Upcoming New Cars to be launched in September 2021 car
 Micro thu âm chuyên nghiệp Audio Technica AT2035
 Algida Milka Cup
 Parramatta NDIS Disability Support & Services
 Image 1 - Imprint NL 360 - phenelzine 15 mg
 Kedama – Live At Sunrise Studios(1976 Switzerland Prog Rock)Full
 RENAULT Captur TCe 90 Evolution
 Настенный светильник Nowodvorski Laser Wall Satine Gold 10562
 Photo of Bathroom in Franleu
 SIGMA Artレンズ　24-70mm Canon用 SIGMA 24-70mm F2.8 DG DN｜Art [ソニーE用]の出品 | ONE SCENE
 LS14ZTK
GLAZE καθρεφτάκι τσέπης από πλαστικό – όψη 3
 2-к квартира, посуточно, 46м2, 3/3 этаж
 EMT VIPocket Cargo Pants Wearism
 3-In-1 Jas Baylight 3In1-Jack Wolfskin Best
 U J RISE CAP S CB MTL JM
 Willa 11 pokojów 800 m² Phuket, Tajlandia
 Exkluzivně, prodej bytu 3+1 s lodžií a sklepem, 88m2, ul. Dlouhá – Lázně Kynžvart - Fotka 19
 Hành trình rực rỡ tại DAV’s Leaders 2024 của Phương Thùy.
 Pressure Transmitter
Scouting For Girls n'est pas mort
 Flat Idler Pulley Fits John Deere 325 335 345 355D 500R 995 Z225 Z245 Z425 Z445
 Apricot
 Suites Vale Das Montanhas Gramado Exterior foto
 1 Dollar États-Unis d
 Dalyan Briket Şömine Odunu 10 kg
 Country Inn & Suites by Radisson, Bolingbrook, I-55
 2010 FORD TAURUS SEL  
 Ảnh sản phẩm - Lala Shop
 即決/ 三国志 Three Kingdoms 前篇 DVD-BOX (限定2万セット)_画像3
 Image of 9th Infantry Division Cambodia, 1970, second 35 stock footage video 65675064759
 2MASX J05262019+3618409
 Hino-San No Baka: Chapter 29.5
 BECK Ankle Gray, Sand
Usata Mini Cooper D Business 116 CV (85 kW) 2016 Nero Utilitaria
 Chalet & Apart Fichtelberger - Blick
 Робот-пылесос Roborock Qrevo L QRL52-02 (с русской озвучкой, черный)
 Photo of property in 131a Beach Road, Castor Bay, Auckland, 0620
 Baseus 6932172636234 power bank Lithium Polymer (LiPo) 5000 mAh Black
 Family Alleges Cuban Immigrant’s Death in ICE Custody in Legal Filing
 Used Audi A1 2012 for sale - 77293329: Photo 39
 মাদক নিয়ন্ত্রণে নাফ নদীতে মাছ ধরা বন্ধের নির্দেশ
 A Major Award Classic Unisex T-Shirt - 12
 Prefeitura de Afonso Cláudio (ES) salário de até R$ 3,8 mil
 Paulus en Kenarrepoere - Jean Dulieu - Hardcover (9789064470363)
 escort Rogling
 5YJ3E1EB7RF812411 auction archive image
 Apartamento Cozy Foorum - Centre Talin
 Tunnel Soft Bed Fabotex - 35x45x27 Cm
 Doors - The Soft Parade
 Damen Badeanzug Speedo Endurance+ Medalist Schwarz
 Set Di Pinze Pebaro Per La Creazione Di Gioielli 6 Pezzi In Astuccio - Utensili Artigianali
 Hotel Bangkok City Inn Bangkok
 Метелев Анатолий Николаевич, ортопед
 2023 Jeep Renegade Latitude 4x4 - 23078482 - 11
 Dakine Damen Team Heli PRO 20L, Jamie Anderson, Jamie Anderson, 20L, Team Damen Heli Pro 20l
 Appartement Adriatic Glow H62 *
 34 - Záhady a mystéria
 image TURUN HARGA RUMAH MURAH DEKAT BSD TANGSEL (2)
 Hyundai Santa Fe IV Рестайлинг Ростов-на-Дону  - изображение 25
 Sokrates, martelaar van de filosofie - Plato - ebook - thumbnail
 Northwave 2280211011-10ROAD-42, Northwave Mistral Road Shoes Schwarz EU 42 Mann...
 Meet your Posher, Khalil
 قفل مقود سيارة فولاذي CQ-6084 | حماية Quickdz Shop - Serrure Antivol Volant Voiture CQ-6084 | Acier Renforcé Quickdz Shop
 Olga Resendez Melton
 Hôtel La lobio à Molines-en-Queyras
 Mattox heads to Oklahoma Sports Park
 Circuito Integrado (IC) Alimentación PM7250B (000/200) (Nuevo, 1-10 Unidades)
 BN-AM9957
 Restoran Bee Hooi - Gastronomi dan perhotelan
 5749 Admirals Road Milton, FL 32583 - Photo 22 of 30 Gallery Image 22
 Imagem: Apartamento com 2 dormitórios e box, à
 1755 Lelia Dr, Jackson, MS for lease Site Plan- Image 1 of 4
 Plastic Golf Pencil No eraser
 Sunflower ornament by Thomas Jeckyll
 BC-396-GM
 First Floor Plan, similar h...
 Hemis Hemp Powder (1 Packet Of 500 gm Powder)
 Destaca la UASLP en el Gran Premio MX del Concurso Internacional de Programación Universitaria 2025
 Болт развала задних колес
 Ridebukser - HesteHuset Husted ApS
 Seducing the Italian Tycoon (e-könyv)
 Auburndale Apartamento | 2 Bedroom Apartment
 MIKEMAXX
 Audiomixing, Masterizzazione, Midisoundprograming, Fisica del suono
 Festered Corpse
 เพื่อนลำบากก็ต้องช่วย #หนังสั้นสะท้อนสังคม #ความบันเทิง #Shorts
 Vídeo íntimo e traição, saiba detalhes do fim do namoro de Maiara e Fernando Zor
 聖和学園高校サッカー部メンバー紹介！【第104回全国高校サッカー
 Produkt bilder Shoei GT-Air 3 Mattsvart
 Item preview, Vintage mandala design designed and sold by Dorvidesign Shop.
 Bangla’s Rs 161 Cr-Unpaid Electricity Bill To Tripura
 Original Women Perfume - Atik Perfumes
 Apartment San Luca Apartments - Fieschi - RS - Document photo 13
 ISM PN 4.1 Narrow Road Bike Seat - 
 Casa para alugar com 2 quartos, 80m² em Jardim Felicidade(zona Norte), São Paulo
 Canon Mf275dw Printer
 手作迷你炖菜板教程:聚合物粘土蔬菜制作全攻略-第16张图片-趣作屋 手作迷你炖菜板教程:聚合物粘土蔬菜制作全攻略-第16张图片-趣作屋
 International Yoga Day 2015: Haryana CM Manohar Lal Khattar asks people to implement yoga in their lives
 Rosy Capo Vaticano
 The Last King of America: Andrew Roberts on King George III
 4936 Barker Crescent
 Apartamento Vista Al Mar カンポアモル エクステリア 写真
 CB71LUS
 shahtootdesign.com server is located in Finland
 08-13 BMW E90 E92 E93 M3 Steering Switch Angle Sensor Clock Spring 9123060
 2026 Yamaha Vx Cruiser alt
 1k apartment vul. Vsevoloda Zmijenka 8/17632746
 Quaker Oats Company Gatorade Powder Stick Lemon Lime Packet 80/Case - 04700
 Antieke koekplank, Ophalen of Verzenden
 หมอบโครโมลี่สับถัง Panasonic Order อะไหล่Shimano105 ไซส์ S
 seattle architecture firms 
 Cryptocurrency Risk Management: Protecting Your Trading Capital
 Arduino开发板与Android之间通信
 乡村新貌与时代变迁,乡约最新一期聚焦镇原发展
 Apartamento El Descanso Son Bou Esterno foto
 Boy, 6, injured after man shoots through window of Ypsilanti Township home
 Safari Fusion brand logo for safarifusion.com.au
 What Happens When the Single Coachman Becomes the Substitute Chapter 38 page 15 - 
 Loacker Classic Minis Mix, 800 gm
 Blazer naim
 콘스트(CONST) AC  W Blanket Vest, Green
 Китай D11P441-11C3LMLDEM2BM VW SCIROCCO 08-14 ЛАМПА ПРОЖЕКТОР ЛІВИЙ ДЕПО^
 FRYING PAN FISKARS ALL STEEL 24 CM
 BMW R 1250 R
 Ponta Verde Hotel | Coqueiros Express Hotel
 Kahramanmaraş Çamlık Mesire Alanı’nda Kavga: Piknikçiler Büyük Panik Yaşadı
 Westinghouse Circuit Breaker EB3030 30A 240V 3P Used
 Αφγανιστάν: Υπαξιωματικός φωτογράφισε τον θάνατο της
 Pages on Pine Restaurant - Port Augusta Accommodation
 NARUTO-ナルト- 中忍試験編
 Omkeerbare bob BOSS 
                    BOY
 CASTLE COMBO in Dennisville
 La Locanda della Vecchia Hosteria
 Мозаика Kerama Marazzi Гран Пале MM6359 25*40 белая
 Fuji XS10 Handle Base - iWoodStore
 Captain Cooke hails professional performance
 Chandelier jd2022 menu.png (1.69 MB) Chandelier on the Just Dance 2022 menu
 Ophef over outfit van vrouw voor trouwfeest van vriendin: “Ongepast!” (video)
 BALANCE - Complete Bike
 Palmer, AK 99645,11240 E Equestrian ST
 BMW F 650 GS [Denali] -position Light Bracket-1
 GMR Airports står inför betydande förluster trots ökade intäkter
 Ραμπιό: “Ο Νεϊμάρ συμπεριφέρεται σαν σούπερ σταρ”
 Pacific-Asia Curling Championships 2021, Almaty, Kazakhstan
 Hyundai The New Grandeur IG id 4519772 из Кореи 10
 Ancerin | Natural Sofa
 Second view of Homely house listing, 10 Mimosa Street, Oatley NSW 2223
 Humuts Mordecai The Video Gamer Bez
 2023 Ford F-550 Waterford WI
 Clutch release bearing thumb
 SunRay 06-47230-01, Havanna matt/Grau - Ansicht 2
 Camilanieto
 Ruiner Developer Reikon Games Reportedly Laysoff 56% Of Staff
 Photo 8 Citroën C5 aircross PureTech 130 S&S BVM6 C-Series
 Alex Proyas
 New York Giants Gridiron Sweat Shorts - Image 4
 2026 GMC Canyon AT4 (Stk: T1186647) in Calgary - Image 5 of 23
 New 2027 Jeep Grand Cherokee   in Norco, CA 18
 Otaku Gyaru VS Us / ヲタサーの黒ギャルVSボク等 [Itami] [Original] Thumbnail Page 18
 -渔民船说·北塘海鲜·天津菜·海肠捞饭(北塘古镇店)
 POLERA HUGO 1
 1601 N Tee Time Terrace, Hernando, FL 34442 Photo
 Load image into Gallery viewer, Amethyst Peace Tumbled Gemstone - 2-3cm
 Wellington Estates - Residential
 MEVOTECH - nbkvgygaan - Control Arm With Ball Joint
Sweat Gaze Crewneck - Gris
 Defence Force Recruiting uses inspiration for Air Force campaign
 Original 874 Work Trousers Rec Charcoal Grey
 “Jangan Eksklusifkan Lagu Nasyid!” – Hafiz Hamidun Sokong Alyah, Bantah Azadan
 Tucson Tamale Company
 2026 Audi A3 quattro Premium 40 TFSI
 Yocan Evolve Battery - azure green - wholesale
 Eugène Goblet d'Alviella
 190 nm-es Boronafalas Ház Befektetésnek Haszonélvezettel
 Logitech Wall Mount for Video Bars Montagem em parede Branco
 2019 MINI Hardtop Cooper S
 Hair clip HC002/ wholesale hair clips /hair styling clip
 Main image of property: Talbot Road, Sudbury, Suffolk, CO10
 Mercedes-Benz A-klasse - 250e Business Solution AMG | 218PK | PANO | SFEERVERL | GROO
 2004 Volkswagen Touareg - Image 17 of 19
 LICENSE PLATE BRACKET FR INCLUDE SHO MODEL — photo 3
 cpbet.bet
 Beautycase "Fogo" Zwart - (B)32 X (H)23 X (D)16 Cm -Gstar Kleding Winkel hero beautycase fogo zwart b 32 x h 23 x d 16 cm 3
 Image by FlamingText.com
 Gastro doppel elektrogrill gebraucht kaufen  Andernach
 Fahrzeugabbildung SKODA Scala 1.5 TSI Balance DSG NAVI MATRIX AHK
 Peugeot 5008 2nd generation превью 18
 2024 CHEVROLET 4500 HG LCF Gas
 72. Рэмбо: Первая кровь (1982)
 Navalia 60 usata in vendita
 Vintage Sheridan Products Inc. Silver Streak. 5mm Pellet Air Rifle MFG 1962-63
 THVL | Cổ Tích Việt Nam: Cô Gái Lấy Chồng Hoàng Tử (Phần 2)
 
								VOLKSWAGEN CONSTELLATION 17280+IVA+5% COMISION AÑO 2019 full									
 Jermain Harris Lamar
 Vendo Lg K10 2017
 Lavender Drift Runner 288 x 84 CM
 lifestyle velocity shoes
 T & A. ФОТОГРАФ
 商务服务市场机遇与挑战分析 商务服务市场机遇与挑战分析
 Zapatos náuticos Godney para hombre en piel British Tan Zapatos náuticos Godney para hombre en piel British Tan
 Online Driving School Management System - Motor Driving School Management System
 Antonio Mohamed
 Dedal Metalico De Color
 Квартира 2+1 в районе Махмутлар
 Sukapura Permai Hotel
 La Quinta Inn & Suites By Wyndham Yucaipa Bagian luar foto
##########
Task details:
Using the entries shown above, reproduce verbatim the lines from the line bearing "Ophef over outfit" to the line bearing "New York Giants", inclusive.

Solution to the exercise:
 Ophef over outfit van vrouw voor trouwfeest van vriendin: “Ongepast!” (video)
 BALANCE - Complete Bike
 Palmer, AK 99645,11240 E Equestrian ST
 BMW F 650 GS [Denali] -position Light Bracket-1
 GMR Airports står inför betydande förluster trots ökade intäkter
 Ραμπιό: “Ο Νεϊμάρ συμπεριφέρεται σαν σούπερ σταρ”
 Pacific-Asia Curling Championships 2021, Almaty, Kazakhstan
 Hyundai The New Grandeur IG id 4519772 из Кореи 10
 Ancerin | Natural Sofa
 Second view of Homely house listing, 10 Mimosa Street, Oatley NSW 2223
 Humuts Mordecai The Video Gamer Bez
 2023 Ford F-550 Waterford WI
 Clutch release bearing thumb
 SunRay 06-47230-01, Havanna matt/Grau - Ansicht 2
 Camilanieto
 Ruiner Developer Reikon Games Reportedly Laysoff 56% Of Staff
 Photo 8 Citroën C5 aircross PureTech 130 S&S BVM6 C-Series
 Alex Proyas
 New York Giants Gridiron Sweat Shorts - Image 4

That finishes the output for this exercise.